[[ Excerpted records, beginning ]]

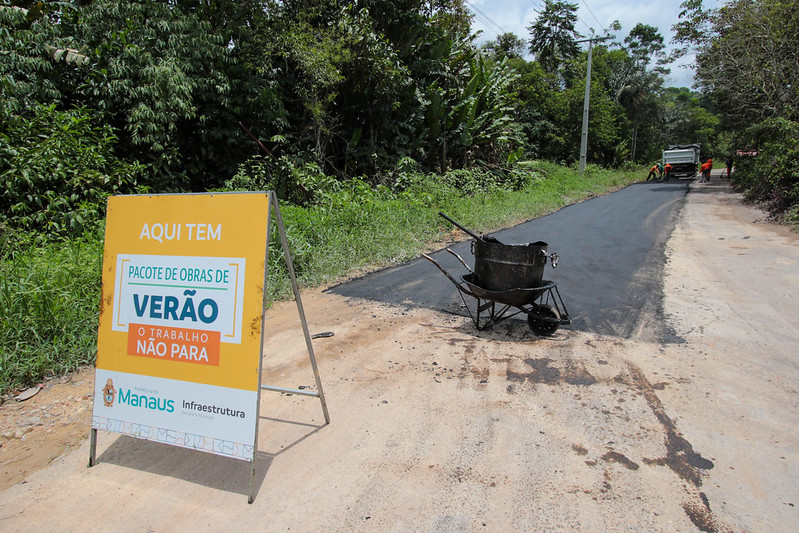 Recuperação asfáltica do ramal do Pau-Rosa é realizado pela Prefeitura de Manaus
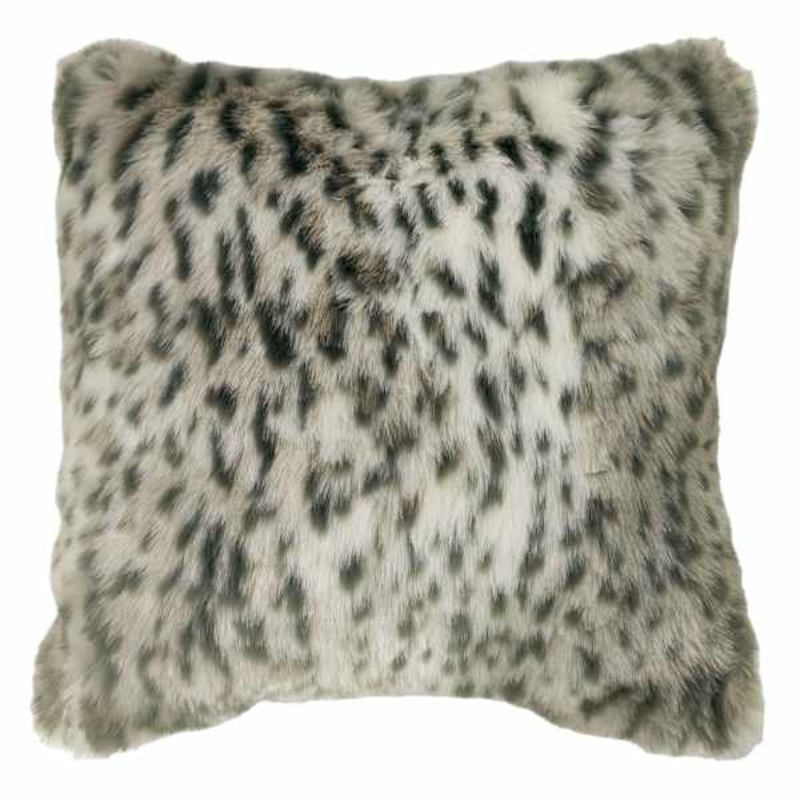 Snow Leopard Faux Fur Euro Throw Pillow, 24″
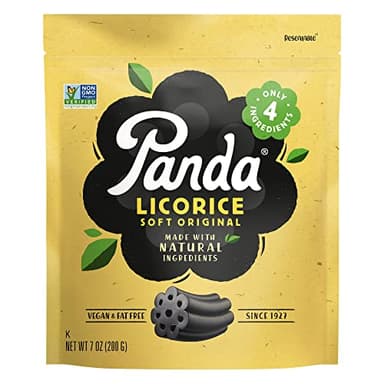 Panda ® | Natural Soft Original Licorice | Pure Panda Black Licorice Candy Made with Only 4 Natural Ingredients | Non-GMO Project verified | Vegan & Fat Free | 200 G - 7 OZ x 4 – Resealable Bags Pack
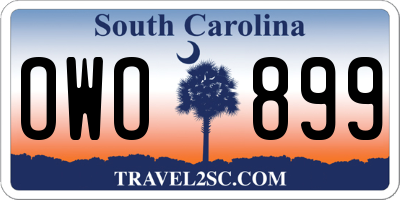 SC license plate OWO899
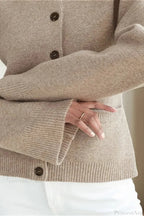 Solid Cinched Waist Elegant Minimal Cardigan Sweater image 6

[[ Excerpted records, end ]]

- [What the task requires] Return all the records above exactly, pictures omitted.

- [Answer space]
 Recuperação asfáltica do ramal do Pau-Rosa é realizado pela Prefeitura de Manaus
 Snow Leopard Faux Fur Euro Throw Pillow, 24″
 Panda ® | Natural Soft Original Licorice | Pure Panda Black Licorice Candy Made with Only 4 Natural Ingredients | Non-GMO Project verified | Vegan & Fat Free | 200 G - 7 OZ x 4 – Resealable Bags Pack
 SC license plate OWO899
 Solid Cinched Waist Elegant Minimal Cardigan Sweater image 6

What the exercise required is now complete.